The big shift comes in Chapter 10. It’s simultaneously obvious (anyone who’s heard about Terra Nullius from a review like this one, or even simply read the blurb, knows it’s coming), and not well foreshadowed in the text. I would’ve liked Coleman to sow a few more seeds before reaping.

In essence, what Coleman has thus far let the reader believe is a historical novel – depicting the genocide of the First Nations people of Australia after the colonisers invaded – is actually set towards the end of the 21st century. The “Natives” are human beings, of all colours and creeds, while the “Settlers” are an alien species that have invaded our home planet. For me, it evokes The Handmaid’s Tale and The Testaments – a post-apocalyptic world that is jarringly familiar.

An under-realised haunting aspect of Terra Nullius is the fact that no one is coming to save us. There is no salvation for the Natives. The few that survive the invasion aren’t home free; they’re scavenging, scrabbling to survive in a world completely and irrevocably changed. In that respect, it’s not only a metaphor for invasion – it’s climate change, it’s capitalism, it’s even a global pandemic.

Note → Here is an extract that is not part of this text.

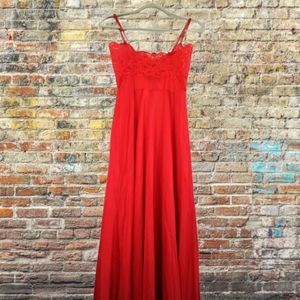 RARE! Lily of France small full length chemise dress lingerie red vintage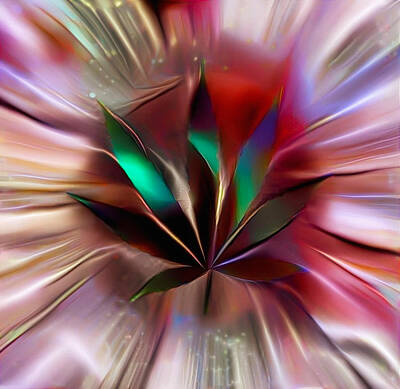 Abstract Digital Art - Vivid marijuana leaf by Bruce Rolff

As critical history, Terra Nullius works, but as literature it feels a little shallow. Even with the exceptions-to-the-rule, the handful of Settlers who are horrified by what their people inflict upon the Natives, the story still leans heavily on a Bad Settlers v. Good Natives binary. That may be all too true, but it doesn’t necessarily make for good fiction on its own. The familiar colonial atrocities are enough to shock and horrify, but I struggled to see a narrative drive beyond “look how terrible this is”.

I think Terra Nullius might have worked better if the metaphor had been explicit from the start. Instead of the Chapter 10 “gotchya” moment, Coleman could have placed us in her “dystopia” from the beginning and let the title make the parallels. Of course, this might not have worked for an international market (who presumably weren’t taught the abuses of terra nullius in high school or university), but for me it would’ve made for a better reading experience. As it stands, Terra Nullius seems to me a great premise that isn’t fully realised, an interesting idea forced to compensate for the absence of story.

If you’d like to read a First Nations perspective on Terra Nullius – and I highly recommend that you do – you should definitely start with Alison Whittaker’s review for Sydney Review of Books.